Friday 30 November 2012

Fuji X-E1: when a dream comes true

I got a phone call today from a camera shop with a very short message: "you can pick it up". I went to the shop and came back with big brown paper bag. Now I have another black box from Fujifilm with E-X1 and 18-55mm lens. For local folk in Brisbane: it is Digital Camera Warehouse. Probably their Melbourne and Sydney shops also got Fuji X-E1 zoom kits. Bottom line: Fuji X-E1 zoom kit is available in Australia.

I've got the camera at the end of the day, so not much time to play.

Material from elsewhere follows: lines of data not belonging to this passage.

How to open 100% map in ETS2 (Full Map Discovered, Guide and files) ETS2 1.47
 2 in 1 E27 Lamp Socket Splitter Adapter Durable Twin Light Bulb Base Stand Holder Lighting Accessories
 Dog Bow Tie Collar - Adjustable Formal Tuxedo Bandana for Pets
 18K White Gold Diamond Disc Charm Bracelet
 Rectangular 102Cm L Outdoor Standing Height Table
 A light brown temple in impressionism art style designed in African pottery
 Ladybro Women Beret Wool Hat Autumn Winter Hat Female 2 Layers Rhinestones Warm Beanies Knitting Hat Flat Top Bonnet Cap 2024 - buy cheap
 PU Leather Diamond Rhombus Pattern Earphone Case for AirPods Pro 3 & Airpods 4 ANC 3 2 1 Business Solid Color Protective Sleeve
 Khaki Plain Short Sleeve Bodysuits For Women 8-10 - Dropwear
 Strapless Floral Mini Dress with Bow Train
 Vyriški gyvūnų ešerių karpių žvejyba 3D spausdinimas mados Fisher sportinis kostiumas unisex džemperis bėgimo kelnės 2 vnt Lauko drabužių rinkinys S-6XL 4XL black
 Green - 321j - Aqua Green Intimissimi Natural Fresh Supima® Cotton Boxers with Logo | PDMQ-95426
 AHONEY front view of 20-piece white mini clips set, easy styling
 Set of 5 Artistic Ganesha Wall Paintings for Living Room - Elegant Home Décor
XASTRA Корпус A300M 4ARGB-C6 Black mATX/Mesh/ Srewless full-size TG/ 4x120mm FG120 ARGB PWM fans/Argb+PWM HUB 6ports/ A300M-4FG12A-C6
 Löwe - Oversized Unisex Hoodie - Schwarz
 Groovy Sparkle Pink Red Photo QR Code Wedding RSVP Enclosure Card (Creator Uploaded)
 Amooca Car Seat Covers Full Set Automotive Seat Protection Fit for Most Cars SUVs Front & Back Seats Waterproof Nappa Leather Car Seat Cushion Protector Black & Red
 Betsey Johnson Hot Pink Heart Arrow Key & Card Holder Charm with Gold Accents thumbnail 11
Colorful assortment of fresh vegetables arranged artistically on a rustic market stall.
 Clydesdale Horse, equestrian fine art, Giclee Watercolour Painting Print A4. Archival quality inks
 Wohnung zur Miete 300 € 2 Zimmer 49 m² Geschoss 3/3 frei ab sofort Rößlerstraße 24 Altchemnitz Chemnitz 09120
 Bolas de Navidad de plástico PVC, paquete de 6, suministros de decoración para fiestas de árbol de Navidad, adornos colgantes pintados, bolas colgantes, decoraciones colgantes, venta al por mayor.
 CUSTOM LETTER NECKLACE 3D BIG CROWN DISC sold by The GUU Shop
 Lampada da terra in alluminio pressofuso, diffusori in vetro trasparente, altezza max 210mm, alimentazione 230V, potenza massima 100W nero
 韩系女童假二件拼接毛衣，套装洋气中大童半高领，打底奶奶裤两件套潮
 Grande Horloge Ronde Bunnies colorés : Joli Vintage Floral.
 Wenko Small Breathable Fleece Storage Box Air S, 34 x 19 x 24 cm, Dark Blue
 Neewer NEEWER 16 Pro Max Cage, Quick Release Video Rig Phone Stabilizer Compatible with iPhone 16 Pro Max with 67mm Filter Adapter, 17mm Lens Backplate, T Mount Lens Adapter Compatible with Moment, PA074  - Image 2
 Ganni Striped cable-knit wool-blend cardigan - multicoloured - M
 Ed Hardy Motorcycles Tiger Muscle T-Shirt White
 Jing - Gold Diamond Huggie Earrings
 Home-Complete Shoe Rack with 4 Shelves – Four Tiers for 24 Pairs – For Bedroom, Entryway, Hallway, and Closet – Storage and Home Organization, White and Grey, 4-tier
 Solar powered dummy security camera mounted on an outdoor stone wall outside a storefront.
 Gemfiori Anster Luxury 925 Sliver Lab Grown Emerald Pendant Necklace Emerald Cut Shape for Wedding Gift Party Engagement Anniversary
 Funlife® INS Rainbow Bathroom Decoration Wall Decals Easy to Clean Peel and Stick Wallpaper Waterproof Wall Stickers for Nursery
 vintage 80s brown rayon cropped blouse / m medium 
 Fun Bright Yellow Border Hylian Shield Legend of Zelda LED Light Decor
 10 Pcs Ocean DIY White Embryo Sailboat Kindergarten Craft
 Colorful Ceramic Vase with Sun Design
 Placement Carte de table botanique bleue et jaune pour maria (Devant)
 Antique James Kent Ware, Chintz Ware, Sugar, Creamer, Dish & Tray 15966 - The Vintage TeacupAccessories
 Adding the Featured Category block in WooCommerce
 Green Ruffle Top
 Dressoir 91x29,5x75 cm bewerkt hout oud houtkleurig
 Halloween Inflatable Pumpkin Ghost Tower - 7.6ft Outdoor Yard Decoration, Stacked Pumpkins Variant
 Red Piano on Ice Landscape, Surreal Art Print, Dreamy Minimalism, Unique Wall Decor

First impression. Menu is great. Now at the very left you scroll through screens. This is a big improvement over Fuji X10 where  scroll though options within two big multiscreen menus. Layout is very familiar except that I tried to change the aperture with the dial :) Autofocus. I would not worry about it. At the light required iso 2000, f/4 1/50 sec the focus is nearly instant in silent mode. I am a bit slow person, and I tend to press buttons gently. Once the shutter button half pressed you say "one" and the focus is already locked for some time. This was within a room, so the difference between "shots" was just a few meters. I have not done "the real world" testing yet. The colors under an artificial light are good. It seems that X-E1 uses a standard mini-USB cable. If true than kudos to Fujifilm again: Fuji X10 requires a dedicated USB cable. At the first glance the viewfinder is very comfortable.

The lens. I am really impressed with it. I have ZUIKO 14-54mm F2.8-3.5 MkvI and ZUIKO 50-200mm F2.8-3.5 SWD, and I also used several Olympus kit lenses in the past, so my experience with lenses is limited. The feel and the build quality of Fujinon XF18-55mmF2.8-4 R LM OIS is just superb. It is very solid. But I need to get used to the aperture ring located close to the camera body, not near the front element. I also replaced the Fuji cap with cheap cap with a thread: the zoom is the only lens I have at the moment.

Handling.  With the XF18-55mm attached the X-E1 requires two hands. The whole combo is small enough to sit comfortable in the left hand. The camera uses 4:3 rear screen, so the whole preview "frame" is visible with the information display enabled (it still has metering thing, but the "info" panel does not overlap the preview). On Fuji X10 the lower part of the preview is obscured with the metering scale. 

Things to be aware of. Sound of shutter. It is _not_ a silent camera in contrast to Fuji X10. The camera also produces some faint noise. I cannot figure out if it comes from the lens or the body. It is not annoying by any means, but it is there. Switching off OIS in lens, or setting up OIS to Shooting only, or disabling horizon level - nothing of this affects the noise.